On the design and analysis of fault tolerant NoC architecture using spare routers

  • Authors:
  • Yung-Chang Chang;Ching-Te Chiu;Shih-Yin Lin;Chung-Kai Liu

  • Affiliations:
  • Industrial Technology Research Institute, Hsinchu, Taiwan, R.O.C.;National Tsing Hua University, Hsinchu, Taiwan, R.O.C.;Industrial Technology Research Institute, Hsinchu, Taiwan, R.O.C.;Industrial Technology Research Institute, Hsinchu, Taiwan, R.O.C.

  • Venue:
  • Proceedings of the 16th Asia and South Pacific Design Automation Conference
  • Year:
  • 2011

Quantified Score

Hi-index 0.00

Visualization

Abstract

The aggressive advent in VLSI manufacturing technology has made dramatic impacts on the dependability of devices and interconnects. In the modern manycore system, mesh based Networks-on-Chip (NoC) is widely adopted as on chip communication infrastructure. It is critical to provide an effective fault tolerance scheme on mesh based NoC. A faulty router or broken link isolates a well functional processing element (PE). Also, a set of faulty routers form faulty regions which may break down the whole design. To address these issues, we propose an innovative router-level fault tolerance scheme with spare routers which is different from the traditional microarchitecture-level approach. The spare routers not only provide redundancies but also diversify connection paths between adjacent routers. To exploit these valuable resources on fault tolerant capabilities, two configuration algorithms are demonstrated. One is shift-and-replace-allocation (SARA) and the other is defect-awareness-path-allocation (DAPA) that takes advantage of path diversity in our architecture.
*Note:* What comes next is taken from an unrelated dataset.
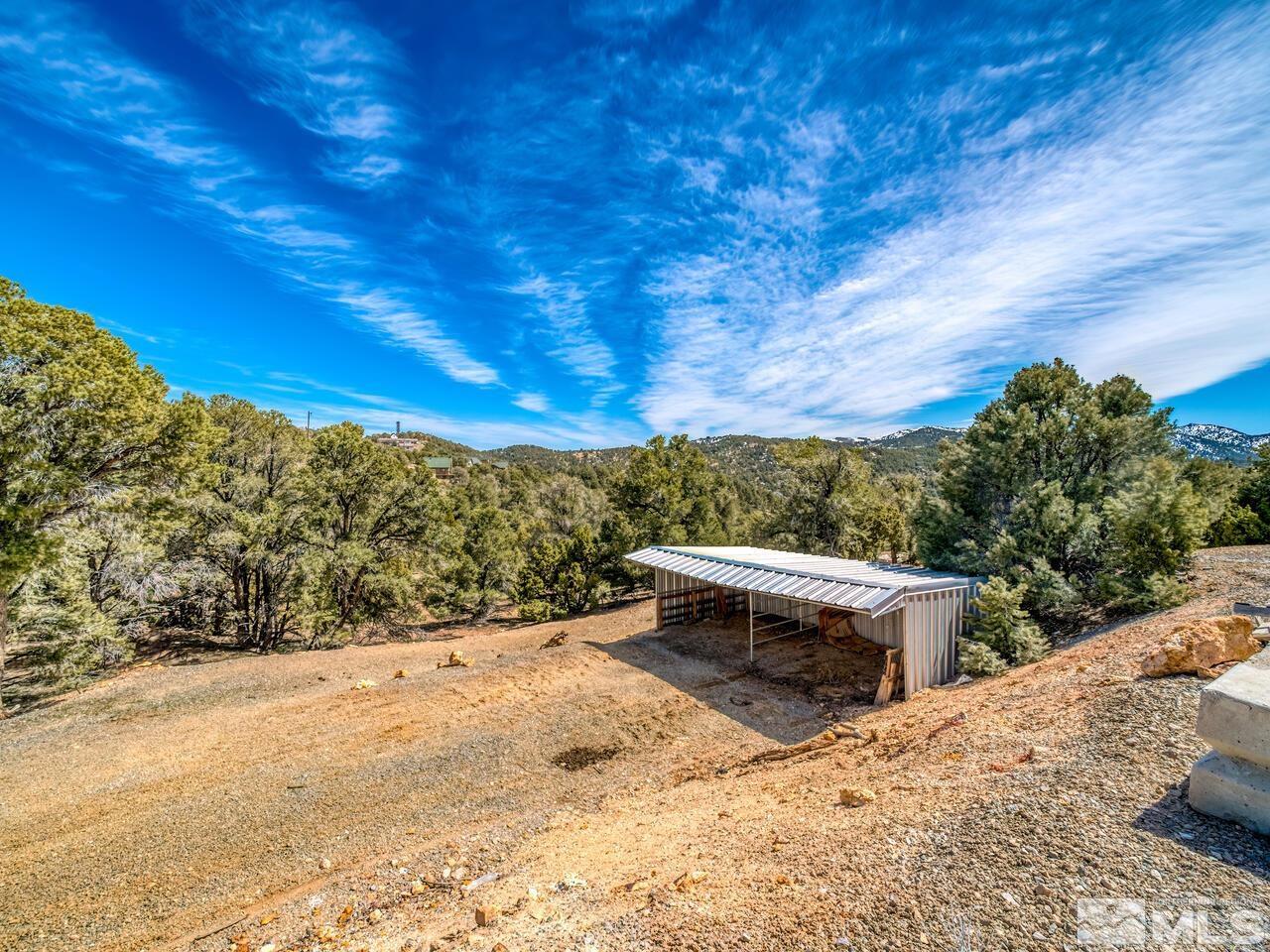 700 Saddleback Road Reno, NV 89521 - Photo 38 of 38 a view of a backyard with wooden fence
The proposed design is transparent to any routing algorithm since the output topology is consistent to the original mesh. Experimental results show that our scheme has remarkable improvements on fault tolerant metrics including reliability, mean time to failure (MTTF), and yield. In addition, the performance of spare router increases with the growth of NoC size but the relative connection cost decreases at the same time. This rare and valuable characteristic makes our solution suitable for large scale NoC design.